The Club had been founded by Mrs. Frederick B. Seaman, who had once had a novel published, long ago, at a nominal expense of two hundred and fifty dollars. The name Redmantle had some significance which eludes memory, but there seems to be no doubt that the founder's original idea had been merely to gather together a few congenial persons to abuse the publishers to. The times, however, chanced to be ripe for a broader forum, one where the most advanced women of both sexes could meet and freely speak out the New Mind. The Redmantle had seemed to fill the long-felt want, from the start. Now its meetings began with a Programme, and you may be sure nobody bothered with such small fry as a publisher. The Redmantle speakers won salvos only by completely exterminating the Family and the Home, or proving beyond successful contradiction that Love Is Going Out.

By arriving late on purpose, Charles Garrott missed a speech by Mary Wing on the New Education, for which he was rather sorry. For a year or more he had regarded Miss Wing as one of his best friends, and he always liked to hear her demolish, in characteristically forceful sentences, the surviving tradition that the true object of education is to ornament gentility. He liked to see Mary Wing lay her hand upon her breast, her Self, and cry out: "So long as I live, whatever I do or think or am, the center of the world for me is here. I will not conjugate dead languages or recite the imports of Uruguay, before I learn the first fact about my Self—my body and my mind, my background and my opportunity!" On the other hand, by his late arrival, Charles missed Miss Frothingham's advanced harp-solo, and Professor Clarence Pollock's tribute to a celebrated lady anarchist. As to the elder Miss Hodger's address on the New Ego, he was not much less opportune. Miss Hodger was nearing her peroration as the writing tutor appeared at the door.

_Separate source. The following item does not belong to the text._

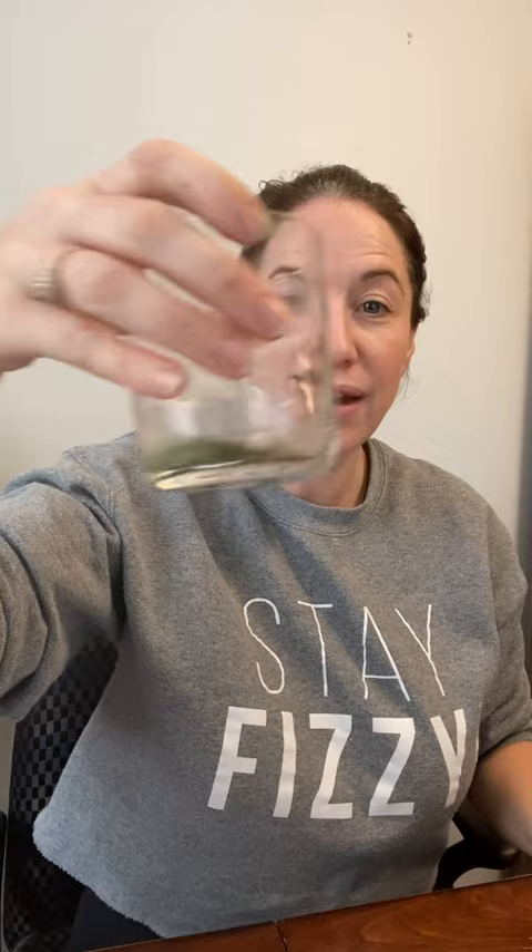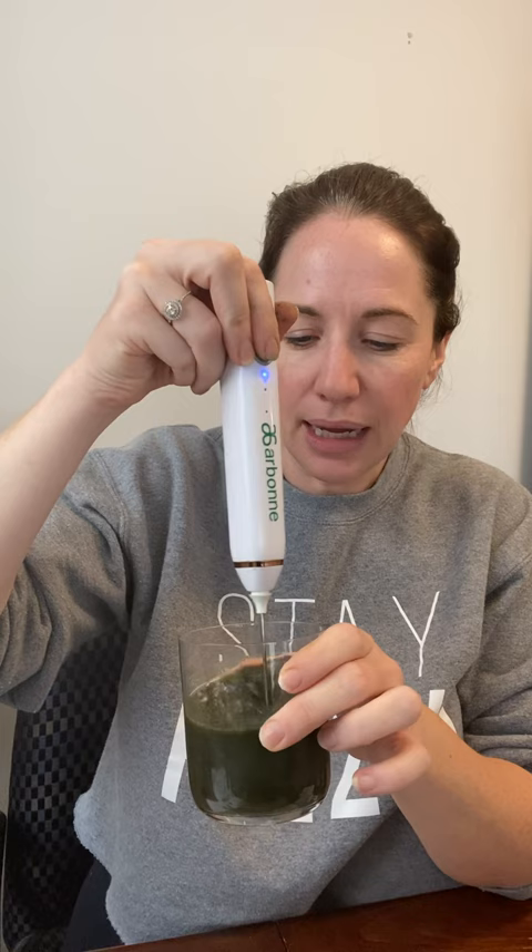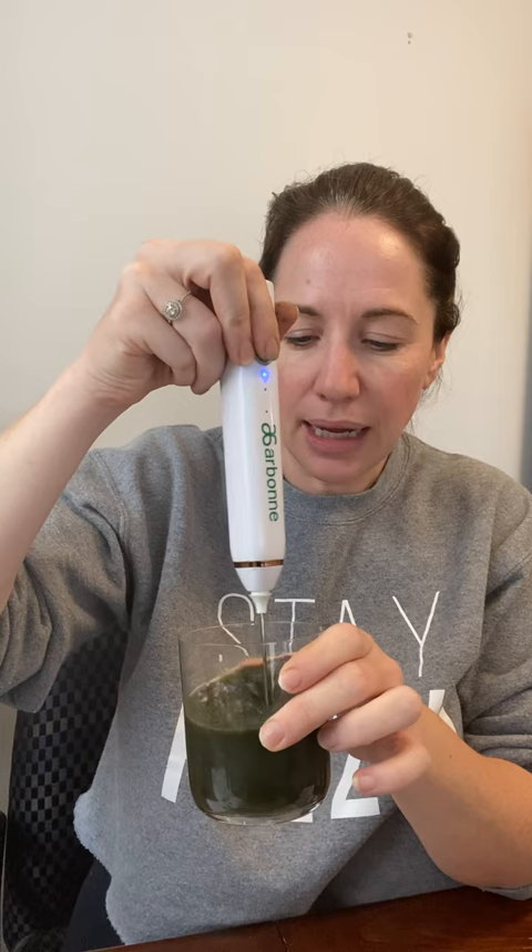Super easy — I just put all three in there, then add just enough water to be able to mix it. You can use a whisk, fork, or spoon at home — that's fine. I got fancy and have this little electric whisk; you can also get one on Amazon for $10–$20. I just like to mix it up well at a higher speed.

He took up a position just inside, and looked through the parlor smoke. The smoke emanated principally from the ladies, who were, however, as five to one. Miss Hodger towered by a baby-grand piano, one hand upon an album, and clamored for her Rights. She demanded these Rights of hers, whatever they were, with such iteration and passion that a kindly, simple person, had there been any such present, must needs have cried out, "Give that lady her Rights there!—and quick about it!"

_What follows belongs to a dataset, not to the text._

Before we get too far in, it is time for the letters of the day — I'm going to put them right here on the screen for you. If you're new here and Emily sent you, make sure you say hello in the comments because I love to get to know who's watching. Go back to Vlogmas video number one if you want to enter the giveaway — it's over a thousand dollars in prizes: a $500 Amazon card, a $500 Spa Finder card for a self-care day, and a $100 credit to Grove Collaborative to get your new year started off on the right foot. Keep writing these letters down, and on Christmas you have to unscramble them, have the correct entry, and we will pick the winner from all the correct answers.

Miss Hodger's was a tall figure, bony but commanding; she had a flat chest, a tangled mane of sorrel hair and a face somewhat like a horse's. Of her argument, little need be said; you may find it in detail in the very books where Miss Hodger found it. It was, in sum, an unanswerable demonstration of woman's sacred duty of Developing her Ego. The exposé of the Home proved particularly searching; it brought loud cheers. Much Miss Hodger said, too, of the Higher Law and the Richness of Personality, of Contributions to the Race and Enhancement of the Life Stream. In Charles Garrott's ears one sentence seemed to ring and stick above the rest: "Fiercely and relentlessly shall Modern Woman hack away all that impedes her in her Self-Development—all, I care not what it is!"

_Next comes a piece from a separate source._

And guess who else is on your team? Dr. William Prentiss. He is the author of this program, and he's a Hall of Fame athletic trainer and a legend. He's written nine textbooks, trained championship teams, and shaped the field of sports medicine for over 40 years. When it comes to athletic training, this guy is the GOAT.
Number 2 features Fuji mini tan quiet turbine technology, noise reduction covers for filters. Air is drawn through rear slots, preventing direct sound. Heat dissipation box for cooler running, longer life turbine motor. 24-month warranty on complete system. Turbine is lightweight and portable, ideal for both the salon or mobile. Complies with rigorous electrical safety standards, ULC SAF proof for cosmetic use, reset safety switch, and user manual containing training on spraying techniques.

She ended with a kind of yell, thumped the album twice, and strode away from the baby-grand. There were bursts of clapping, a chorus of approval, and then general buzzing and commotion. The Programme was over. Everybody was standing: all talking, nobody left to listen. Servants entered bearing trays of light refreshments; light, indeed, they looked. It was the Redmantle's social hour, the hour of good, free, courageous talk.

Charles Garrott moved into the noisy room. All his sides, of course, were not known to his fellow members, and yet he had a standing here. He was recognized as one of the pioneer Rightsers; his last year's speech before the Club, on "Work for Women," had been generally adjudged a first-rate piece of Modern Thinking. And all the Redmantlers seemed to like to talk to him, too; they would get round him and back him up into corners in a way he scarcely liked. Mrs. Frederick B. Seaman looked as if she meant to kiss him. "And now," she said, beaming, "for a good long talk about my new book." He cleverly evaded her, but in so doing fell right into the net of the hearthside anarchist, Professor Pollock, who drew him in with a hand as large and soft as a beefsteak. Pollock was a thin, bald young man, with the conventional flowing necktie, and the New disappearing chin, and secretly Garrott had always thought him a most terrific jackass.

"How are we going to relieve this White Slave situation, Garrott? How? How?"

"It is one of the grave problems of the day," said Charles. "At the moment I can only answer, as President Taft answered the workman at Cooper—"

"What, you admit that you have no remedy to lay down? None whatever?"

"At the moment, none. It is one of the grave—"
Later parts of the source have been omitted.